* What is being asked *
Copy out, exactly and with nothing else, the stretch of lines that starts at the line containing "瑞典j29战机外观虽不堪入目但性能一点不差" and finishes at the end of the data.

____________________

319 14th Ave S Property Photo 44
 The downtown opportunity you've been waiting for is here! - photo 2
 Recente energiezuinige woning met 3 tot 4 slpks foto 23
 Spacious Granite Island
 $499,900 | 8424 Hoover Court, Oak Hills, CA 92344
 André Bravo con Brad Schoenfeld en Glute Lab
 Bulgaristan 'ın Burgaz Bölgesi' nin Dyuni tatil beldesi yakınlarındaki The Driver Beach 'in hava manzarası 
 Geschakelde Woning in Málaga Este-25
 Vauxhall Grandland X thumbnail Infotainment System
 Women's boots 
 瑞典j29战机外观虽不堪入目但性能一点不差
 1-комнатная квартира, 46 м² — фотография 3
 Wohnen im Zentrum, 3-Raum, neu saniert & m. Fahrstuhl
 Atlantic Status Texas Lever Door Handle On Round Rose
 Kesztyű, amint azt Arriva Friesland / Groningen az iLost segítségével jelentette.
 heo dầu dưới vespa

____________________

* Answer area *
 瑞典j29战机外观虽不堪入目但性能一点不差
 1-комнатная квартира, 46 м² — фотография 3
 Wohnen im Zentrum, 3-Raum, neu saniert & m. Fahrstuhl
 Atlantic Status Texas Lever Door Handle On Round Rose
 Kesztyű, amint azt Arriva Friesland / Groningen az iLost segítségével jelentette.
 heo dầu dưới vespa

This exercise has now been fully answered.